> **WORK TO COMPLETE**: When you reach the line in the listing below that contains "a view of a dining", begin returning lines exactly as written, and stop after the line that contains "5207 Poola Street". Return no other lines.

•••

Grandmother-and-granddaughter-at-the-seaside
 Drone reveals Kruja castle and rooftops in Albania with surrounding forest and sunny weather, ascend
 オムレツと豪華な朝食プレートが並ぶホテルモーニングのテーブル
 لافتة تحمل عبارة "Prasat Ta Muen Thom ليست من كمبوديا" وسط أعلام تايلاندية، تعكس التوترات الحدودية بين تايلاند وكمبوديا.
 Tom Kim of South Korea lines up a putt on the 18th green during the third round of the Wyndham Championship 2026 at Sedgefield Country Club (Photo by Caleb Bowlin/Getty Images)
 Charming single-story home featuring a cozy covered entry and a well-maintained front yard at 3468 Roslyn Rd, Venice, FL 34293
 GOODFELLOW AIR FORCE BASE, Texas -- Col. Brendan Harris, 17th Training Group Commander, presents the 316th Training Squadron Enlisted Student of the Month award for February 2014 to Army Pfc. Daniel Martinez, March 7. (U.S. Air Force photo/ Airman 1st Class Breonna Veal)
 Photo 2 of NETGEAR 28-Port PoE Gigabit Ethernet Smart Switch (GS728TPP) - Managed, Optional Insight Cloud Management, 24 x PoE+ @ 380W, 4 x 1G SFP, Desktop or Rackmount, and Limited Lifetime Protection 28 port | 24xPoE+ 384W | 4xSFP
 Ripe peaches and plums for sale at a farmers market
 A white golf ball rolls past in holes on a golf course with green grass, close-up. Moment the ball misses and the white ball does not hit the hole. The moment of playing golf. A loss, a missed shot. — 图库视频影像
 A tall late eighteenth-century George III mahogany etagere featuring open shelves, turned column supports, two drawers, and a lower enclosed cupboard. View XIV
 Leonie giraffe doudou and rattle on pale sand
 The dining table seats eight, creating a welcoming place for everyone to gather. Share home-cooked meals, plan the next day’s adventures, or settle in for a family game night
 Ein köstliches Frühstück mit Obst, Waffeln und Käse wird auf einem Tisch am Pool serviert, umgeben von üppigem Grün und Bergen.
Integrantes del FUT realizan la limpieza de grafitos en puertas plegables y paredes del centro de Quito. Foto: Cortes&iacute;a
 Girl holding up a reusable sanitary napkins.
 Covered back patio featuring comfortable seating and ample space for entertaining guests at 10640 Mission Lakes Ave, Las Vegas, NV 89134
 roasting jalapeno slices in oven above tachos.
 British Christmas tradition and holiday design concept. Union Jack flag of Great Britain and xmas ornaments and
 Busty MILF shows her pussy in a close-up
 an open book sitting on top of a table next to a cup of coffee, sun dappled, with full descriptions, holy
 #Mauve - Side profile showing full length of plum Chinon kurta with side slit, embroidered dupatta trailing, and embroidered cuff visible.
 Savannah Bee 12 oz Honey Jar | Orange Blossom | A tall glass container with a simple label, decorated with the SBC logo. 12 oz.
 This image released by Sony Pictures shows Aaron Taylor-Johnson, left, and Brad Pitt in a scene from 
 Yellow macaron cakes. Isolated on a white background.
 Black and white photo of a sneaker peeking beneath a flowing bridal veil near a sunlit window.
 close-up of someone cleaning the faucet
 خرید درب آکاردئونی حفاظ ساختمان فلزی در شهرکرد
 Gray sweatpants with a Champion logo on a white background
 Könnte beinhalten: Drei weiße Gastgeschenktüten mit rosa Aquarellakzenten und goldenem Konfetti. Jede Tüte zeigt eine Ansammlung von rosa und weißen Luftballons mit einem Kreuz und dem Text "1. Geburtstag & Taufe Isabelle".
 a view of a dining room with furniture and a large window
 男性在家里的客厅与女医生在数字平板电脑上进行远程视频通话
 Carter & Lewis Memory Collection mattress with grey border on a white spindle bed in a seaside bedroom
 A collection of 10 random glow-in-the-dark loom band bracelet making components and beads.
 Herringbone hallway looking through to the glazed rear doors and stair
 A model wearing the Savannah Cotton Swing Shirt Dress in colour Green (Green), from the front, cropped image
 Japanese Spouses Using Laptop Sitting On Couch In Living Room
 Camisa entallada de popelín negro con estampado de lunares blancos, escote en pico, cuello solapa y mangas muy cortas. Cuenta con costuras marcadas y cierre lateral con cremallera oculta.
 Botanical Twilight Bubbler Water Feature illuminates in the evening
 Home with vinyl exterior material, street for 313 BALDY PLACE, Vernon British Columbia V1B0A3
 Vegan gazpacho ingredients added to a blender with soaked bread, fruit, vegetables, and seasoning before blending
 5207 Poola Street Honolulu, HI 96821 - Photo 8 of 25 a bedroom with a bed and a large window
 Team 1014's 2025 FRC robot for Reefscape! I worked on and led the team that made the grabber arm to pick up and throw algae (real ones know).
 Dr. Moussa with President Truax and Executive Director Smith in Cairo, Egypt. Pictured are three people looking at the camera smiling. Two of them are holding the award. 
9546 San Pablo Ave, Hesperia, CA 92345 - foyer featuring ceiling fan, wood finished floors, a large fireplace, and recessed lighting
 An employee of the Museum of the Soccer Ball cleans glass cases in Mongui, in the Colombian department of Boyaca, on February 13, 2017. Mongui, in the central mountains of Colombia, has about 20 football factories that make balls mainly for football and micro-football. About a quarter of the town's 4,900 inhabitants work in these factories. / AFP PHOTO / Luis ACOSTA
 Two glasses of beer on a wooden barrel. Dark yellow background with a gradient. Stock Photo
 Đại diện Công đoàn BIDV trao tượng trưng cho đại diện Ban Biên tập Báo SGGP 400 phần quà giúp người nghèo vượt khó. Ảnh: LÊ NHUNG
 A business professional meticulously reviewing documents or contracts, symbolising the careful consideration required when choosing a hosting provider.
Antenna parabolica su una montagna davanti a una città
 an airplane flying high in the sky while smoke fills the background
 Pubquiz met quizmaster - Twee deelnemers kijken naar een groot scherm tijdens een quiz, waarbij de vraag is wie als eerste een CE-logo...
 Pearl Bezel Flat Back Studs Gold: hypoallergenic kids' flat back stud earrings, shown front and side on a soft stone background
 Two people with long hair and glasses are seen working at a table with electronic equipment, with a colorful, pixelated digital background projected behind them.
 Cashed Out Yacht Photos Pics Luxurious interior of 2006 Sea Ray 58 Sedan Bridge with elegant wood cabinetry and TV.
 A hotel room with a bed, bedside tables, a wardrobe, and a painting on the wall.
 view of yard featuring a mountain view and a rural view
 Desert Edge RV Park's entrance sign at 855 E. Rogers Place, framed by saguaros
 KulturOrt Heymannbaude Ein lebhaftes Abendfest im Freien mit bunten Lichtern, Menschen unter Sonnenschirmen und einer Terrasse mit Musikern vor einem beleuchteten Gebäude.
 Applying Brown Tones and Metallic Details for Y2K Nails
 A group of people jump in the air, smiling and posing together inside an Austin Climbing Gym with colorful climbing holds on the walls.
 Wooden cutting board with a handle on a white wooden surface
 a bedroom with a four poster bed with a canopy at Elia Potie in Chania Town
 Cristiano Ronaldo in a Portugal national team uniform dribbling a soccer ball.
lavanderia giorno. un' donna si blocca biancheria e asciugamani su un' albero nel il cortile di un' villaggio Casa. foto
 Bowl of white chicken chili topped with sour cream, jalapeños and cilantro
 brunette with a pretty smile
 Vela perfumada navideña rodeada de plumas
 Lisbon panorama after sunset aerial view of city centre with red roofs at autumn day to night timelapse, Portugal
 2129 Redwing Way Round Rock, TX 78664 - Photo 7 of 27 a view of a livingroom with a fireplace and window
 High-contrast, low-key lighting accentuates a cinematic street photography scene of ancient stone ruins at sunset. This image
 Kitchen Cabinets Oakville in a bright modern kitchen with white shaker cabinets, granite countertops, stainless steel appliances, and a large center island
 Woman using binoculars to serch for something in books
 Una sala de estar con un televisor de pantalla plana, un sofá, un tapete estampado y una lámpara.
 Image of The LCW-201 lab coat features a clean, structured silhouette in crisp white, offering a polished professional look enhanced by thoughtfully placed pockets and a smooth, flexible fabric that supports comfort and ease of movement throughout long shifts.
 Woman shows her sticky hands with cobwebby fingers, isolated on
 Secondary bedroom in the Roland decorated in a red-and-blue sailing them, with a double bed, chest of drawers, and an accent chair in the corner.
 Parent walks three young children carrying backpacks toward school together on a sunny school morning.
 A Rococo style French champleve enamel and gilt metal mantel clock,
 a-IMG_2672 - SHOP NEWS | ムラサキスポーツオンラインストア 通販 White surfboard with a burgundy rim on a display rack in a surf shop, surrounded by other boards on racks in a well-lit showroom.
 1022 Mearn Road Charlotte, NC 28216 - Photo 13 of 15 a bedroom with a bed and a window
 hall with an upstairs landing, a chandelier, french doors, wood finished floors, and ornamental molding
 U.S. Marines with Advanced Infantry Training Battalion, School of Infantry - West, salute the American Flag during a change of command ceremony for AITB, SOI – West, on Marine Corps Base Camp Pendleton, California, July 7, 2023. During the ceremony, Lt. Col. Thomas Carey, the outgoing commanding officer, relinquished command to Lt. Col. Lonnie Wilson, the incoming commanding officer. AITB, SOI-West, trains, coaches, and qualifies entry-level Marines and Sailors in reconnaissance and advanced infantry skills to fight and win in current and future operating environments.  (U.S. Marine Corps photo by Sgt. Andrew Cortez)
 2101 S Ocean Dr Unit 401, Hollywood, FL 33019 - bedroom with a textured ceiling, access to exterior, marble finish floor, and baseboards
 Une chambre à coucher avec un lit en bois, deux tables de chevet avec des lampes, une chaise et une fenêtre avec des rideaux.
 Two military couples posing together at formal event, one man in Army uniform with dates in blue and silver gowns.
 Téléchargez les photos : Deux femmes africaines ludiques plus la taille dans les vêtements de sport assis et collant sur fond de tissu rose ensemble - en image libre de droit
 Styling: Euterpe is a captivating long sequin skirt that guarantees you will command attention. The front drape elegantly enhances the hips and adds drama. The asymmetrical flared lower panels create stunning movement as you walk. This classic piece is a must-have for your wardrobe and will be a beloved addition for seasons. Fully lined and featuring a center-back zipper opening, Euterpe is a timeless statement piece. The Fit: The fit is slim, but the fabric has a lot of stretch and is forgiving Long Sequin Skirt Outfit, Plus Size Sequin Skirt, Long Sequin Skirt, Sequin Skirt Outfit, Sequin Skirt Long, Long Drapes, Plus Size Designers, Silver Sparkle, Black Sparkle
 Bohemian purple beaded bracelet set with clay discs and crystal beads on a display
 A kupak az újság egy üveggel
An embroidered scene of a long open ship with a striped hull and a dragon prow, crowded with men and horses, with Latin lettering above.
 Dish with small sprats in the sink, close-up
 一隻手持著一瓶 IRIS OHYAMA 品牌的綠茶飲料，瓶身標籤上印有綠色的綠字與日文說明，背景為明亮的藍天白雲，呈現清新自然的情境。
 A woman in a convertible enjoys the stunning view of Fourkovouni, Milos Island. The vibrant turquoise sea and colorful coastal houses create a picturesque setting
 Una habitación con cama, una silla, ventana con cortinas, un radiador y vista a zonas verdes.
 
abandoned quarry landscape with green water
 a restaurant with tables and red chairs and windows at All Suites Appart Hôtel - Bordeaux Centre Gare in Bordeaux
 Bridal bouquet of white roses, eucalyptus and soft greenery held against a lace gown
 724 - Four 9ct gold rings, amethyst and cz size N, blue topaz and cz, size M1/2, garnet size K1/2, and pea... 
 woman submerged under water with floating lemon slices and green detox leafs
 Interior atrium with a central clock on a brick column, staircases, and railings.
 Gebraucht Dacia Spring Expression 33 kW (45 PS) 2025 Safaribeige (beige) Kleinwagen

•••

> **SOLVED PROBLEM**:
 a view of a dining room with furniture and a large window
 男性在家里的客厅与女医生在数字平板电脑上进行远程视频通话
 Carter & Lewis Memory Collection mattress with grey border on a white spindle bed in a seaside bedroom
 A collection of 10 random glow-in-the-dark loom band bracelet making components and beads.
 Herringbone hallway looking through to the glazed rear doors and stair
 A model wearing the Savannah Cotton Swing Shirt Dress in colour Green (Green), from the front, cropped image
 Japanese Spouses Using Laptop Sitting On Couch In Living Room
 Camisa entallada de popelín negro con estampado de lunares blancos, escote en pico, cuello solapa y mangas muy cortas. Cuenta con costuras marcadas y cierre lateral con cremallera oculta.
 Botanical Twilight Bubbler Water Feature illuminates in the evening
 Home with vinyl exterior material, street for 313 BALDY PLACE, Vernon British Columbia V1B0A3
 Vegan gazpacho ingredients added to a blender with soaked bread, fruit, vegetables, and seasoning before blending
 5207 Poola Street Honolulu, HI 96821 - Photo 8 of 25 a bedroom with a bed and a large window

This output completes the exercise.